Diante desse diagnóstico, o executivo português pretende consolidar diferentes modalidades de apoio sob um único mecanismo de gestão, visando desburocratizar o sistema. O objetivo principal do projeto é otimizar a distribuição do orçamento estatal e garantir que as verbas tenham um impacto real na qualidade de vida dos beneficiários.

Atualmente, o sistema de proteção social em Portugal é composto por uma vasta gama de subsídios dispersos, tais como o Rendimento Social de Inserção e o abono de família, o que gera entraves burocráticos significativos. Estudos comparativos e relatórios oficiais anteriores indicam que essa excessiva descentralização dilui o impacto financeiro real das transferências estatais no orçamento mensal das famílias.

A transição proposta para uma prestação unificada segue uma tendência de modernização observada em outros blocos da União Europeia, focando na simplificação administrativa. Especialistas do setor apontam que a desatualização das plataformas de monitoramento do governo também contribui para a baixa eficiência das políticas públicas em vigor.

De acordo com a ministra, o atual cenário de desigualdade exige uma resposta célere, coordenada e estrutural por parte do poder político do país. "Portugal tem a menor eficácia da União Europeia na redução da pobreza através dos apoios sociais", declarou a governante durante o acalorado debate com os deputados da oposição.

Ela fez um apelo veemente à Assembleia da República para que viabilize a aprovação do projeto de lei, classificando a reforma como uma prioridade nacional incontornável. Para a tutela do Trabalho, a manutenção do modelo vigente perpetua distorções e falha gravemente na missão constitucional de combater a exclusão social.

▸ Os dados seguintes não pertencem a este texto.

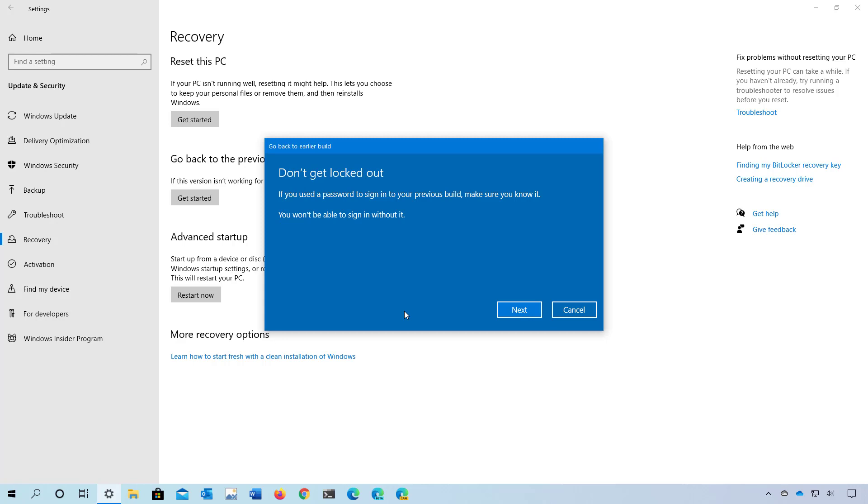If your password is different from the one that you had before, make sure you know the old password. Otherwise, you may lose access to your account. Now click Next.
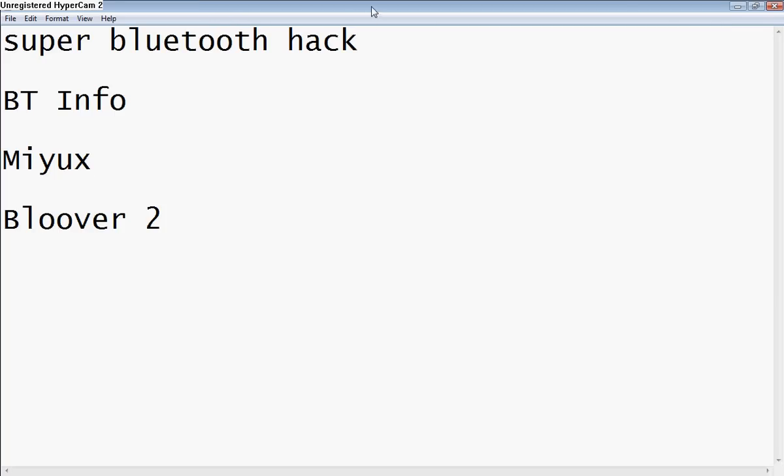You'll need to go onto Google and download SuperBluetoothHack, BTInfo, Myux or Meux, and then BlueV2, which will give you four Bluetooth hacking software that you can try on your friends' phones.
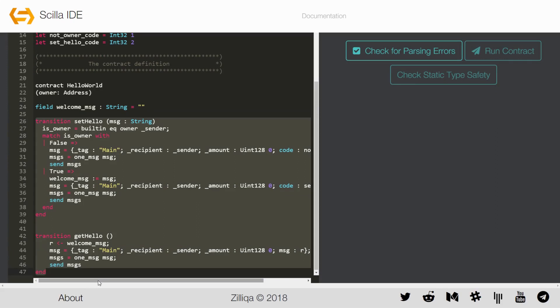The third and last part of the contract defines transitions. You may consider transitions as functions that change the value of mutable variables and can communicate with other contracts. Hello World contract has two transitions, namely set_hello and get_hello.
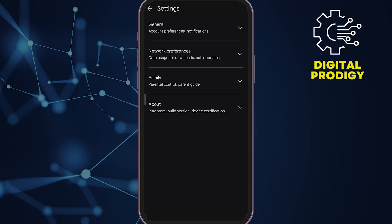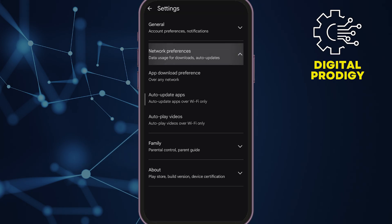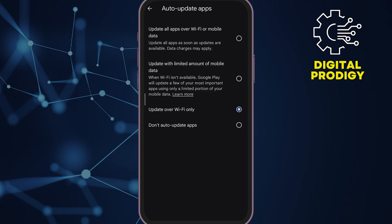Finally, once installed, disable automatic updates for that app in the Play Store so it doesn't auto-upgrade to the latest version you were trying to avoid. And that's how you get an older version of an Android app safely. Thanks for watching and I'll see you in the next video.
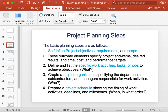The next step is to prepare a project schedule. After having identified what needs to be done and who will do what, we can determine the project schedule showing the timing of work activities, deadlines, and milestones. From this we can answer questions like when and in what order activities will be carried out.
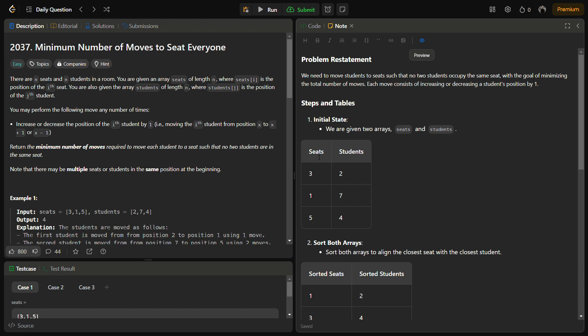Hello guys and welcome back to LeetCode Logics. This is the minimum number of moves to seat everyone problem from LeetCode and the number for this is 2037.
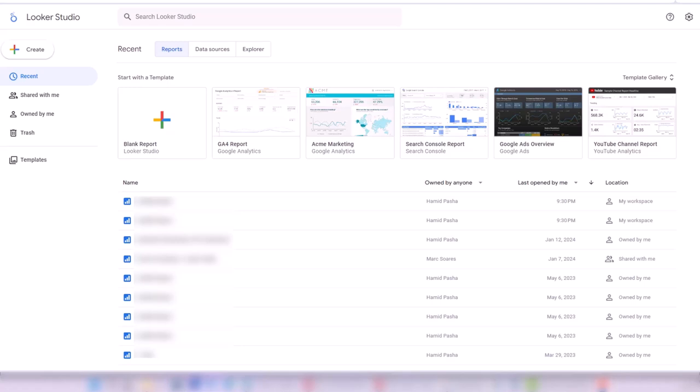In this lesson, we are going to learn how to connect Google Analytics demo account to Looker Studio and build a dashboard in Looker Studio for Google Analytics data.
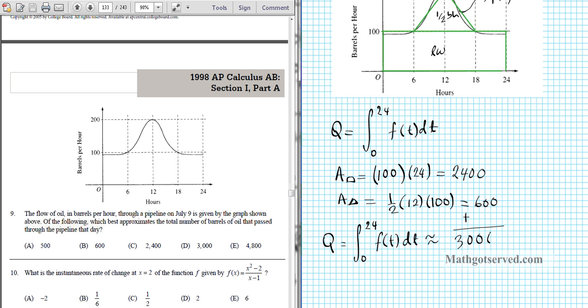The integral is approximately the sum of the rectangle and triangle areas: 2400 plus 600 equals 3000. So approximately 3000 barrels pass through the pipeline that day. Our answer is option letter D.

A eventual aprovação e implementação dessa profunda reforma estrutural terá impacto direto sobre a renda de milhares de agregados familiares que dependem de subsídios estatais para sobreviver. Os novos critérios também serão aplicados a cidadãos estrangeiros regularizados que contribuem para o sistema previdenciário nacional, incluindo a expressiva parcela de trabalhadores brasileiros residentes que usufruem do regime público de segurança social.

Setores do terceiro setor e associações de solidariedade acompanham a tramitação com cautela, demandando salvaguardas contra possíveis cortes acidentais de benefícios. Há uma preocupação generalizada de que o processo de transição digital do cadastro não deixe os cidadãos mais isolados desamparados.

O próximo passo do processo legislativo envolve a análise minuciosa e a votação do texto de lei nas comissões parlamentares de especialidade, onde os partidos poderão propor alterações. O governo projeta iniciar a transição operacional para a Prestação Social Única de forma faseada ao longo do próximo ano, caso o orçamento do Estado seja aprovado sem sobressaltos.

Espera-se que o Ministério do Trabalho, Solidariedade e Segurança Social divulgue nas próximas semanas os estudos de impacto financeiro detalhados e os regulamentos técnicos que definirão os limites de elegibilidade da nova prestação.